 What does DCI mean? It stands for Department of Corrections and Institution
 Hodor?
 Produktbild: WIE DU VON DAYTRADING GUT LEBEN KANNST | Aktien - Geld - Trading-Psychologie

**TO DO**
Copy the entire listing, keeping each line exactly as it is.

**COMPLETED TASK**
 What does DCI mean? It stands for Department of Corrections and Institution
 Hodor?
 Produktbild: WIE DU VON DAYTRADING GUT LEBEN KANNST | Aktien - Geld - Trading-Psychologie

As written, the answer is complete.